We Veggie Runners have wanted to create an energy bar for ages. We experimented a bit with savoury versions but couldn’t quite get the mix right. We could get not quite savoury, like peanut butter ones and the like. There are loads of them around though so they didn’t seem quite worth the effort. We also tried proper umami-type ingredients like Marmite but discovered that you just really don’t fancy those flavours in the middle of a long run or a mega-hike.

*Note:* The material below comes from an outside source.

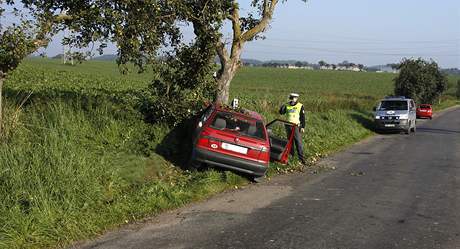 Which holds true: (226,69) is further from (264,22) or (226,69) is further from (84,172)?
(84,172)

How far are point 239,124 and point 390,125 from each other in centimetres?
1688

Well, we don’t anyway.
So we went back to the drawing board and, after a bit of trial and error, came up with these yummilicious Coconut and Ginger Energy Bars. Mega-tasty, piece of cake to make (though not literally – they’re actually much easier than that) and packed full of goodness to sustain you when you’re working that body Bob Graham or Jane Fonda style. There’s protein from the nuts, carbs and sugars from the ginger (and, lots of research shows, anti-inflammatory properties too) and dates need no introduction as a wonder food (mineral-rich, a great source of anti-oxidants, fibre filled – you know the score).
And, as if that wasn’t enough, these energy bars require no cooking and take no time to make at all (well, obviously, they take a few minutes or so – it’s a figure of speech, not a widely held truth). Let me rephrase. They are very quick and easy to make. Great to make with kids too, as you can make them into any shape you like. Plus they’re a great lunch box snack for little kids who get bigger ever day. We made half into energy bars and the rest into power balls, which we rolled in desiccated coconut. As previously mentioned, yum!

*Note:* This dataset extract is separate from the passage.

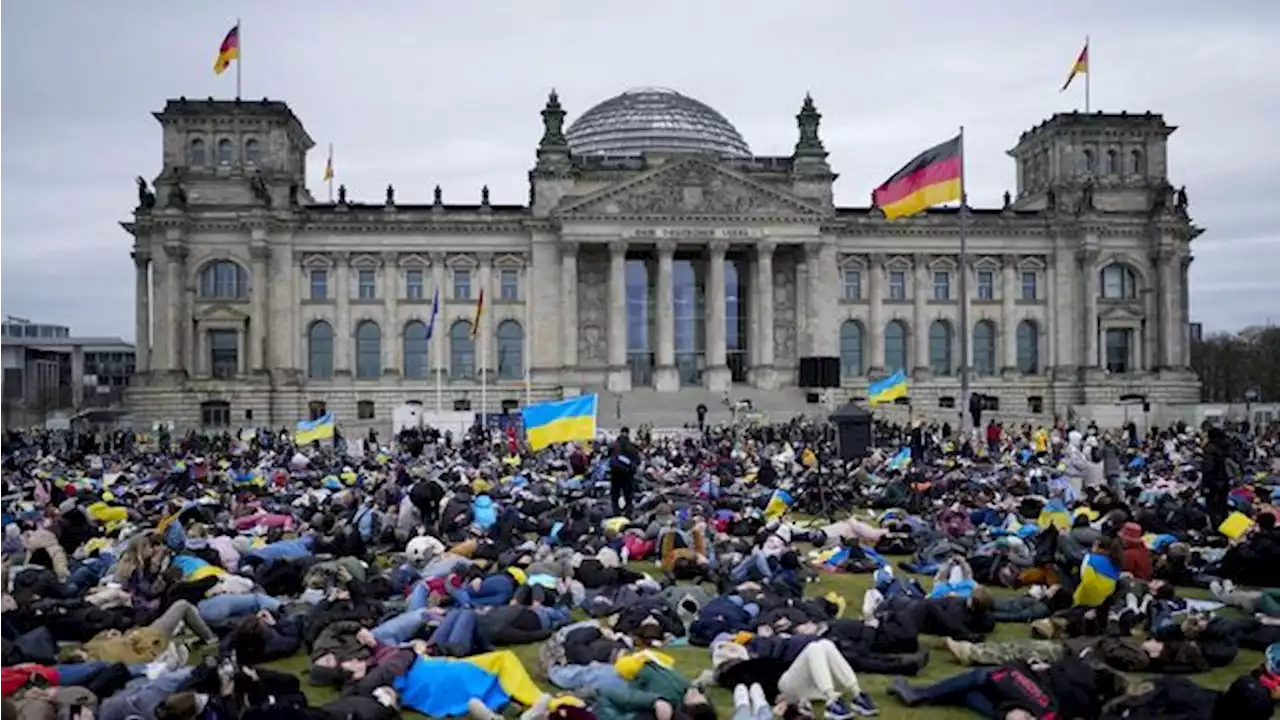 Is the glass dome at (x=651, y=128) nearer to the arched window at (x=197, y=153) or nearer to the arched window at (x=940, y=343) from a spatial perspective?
the arched window at (x=940, y=343)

Coconut and Ginger Energy Bars
150g raw cashews
50g desiccated coconut
80g crystallised ginger, chopped finely*
100g pitted dates
1 and a half teaspoon orange zest
Juice of 1 orange
*You can use Bibi’s Crystallised Ginger recipe or shop bought for this. If you don’t have any ginger, finely chopped dried apricots or dates will work instead.
1 Line a baking tray or flan tin with greaseproof paper and set aside.
2 Place all of the ingredients in a food processor or blender (or use a stick blender) and mix well. Leave a few chunks of nuts for texture though. Add a little extra orange juice if it’s too stiff but don’t let it get sloppy.
3 Spread in the baking tray, pressing it right down into the corners.
4 Chill in the fridge for 2 hours then cut into slices and/or roll into power balls.